**Task statement**
Single out the lines of the material that contain "with" and copy them.

☆ ☆ ☆ ☆

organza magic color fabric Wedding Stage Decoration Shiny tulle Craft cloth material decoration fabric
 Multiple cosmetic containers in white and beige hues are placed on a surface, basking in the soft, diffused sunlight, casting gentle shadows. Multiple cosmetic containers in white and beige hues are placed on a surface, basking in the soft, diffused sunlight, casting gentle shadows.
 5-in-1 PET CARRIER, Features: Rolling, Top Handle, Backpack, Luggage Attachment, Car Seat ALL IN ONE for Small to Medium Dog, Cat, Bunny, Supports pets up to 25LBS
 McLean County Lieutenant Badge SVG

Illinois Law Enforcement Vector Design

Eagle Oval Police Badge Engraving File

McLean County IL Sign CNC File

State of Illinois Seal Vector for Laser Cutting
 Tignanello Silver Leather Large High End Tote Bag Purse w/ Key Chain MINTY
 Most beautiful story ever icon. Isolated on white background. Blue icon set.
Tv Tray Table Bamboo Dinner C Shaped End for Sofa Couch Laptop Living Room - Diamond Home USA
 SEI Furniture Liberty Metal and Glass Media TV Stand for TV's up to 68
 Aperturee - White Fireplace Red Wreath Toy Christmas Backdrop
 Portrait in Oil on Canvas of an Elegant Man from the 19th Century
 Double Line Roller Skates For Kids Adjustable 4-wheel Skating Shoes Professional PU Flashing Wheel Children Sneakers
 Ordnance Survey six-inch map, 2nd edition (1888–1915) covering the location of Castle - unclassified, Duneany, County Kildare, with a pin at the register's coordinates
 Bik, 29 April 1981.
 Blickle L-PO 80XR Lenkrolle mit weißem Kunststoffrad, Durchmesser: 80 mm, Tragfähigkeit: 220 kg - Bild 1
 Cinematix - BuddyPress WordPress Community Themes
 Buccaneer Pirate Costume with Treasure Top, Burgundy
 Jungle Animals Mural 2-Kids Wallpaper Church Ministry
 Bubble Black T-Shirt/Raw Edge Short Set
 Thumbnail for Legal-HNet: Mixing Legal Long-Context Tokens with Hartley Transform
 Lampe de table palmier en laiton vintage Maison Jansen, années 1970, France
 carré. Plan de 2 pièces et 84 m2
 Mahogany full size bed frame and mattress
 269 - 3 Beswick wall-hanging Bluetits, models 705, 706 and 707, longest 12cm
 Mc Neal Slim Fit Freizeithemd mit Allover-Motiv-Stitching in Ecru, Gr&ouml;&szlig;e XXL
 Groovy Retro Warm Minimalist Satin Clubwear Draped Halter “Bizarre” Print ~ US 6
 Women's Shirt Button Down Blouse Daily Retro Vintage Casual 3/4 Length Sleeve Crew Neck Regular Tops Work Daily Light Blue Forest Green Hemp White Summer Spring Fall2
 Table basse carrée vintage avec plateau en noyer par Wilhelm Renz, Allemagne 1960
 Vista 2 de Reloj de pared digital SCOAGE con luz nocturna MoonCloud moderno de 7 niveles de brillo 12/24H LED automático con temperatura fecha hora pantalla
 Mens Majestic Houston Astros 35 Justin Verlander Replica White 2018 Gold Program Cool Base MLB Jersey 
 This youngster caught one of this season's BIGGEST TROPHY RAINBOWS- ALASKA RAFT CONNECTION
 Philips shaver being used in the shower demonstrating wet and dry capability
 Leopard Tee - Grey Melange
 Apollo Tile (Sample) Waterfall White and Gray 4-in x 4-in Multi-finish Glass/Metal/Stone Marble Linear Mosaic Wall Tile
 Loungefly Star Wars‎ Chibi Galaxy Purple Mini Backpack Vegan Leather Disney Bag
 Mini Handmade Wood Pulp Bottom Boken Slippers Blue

☆ ☆ ☆ ☆

**Your response**
 Ordnance Survey six-inch map, 2nd edition (1888–1915) covering the location of Castle - unclassified, Duneany, County Kildare, with a pin at the register's coordinates
 Buccaneer Pirate Costume with Treasure Top, Burgundy
 Thumbnail for Legal-HNet: Mixing Legal Long-Context Tokens with Hartley Transform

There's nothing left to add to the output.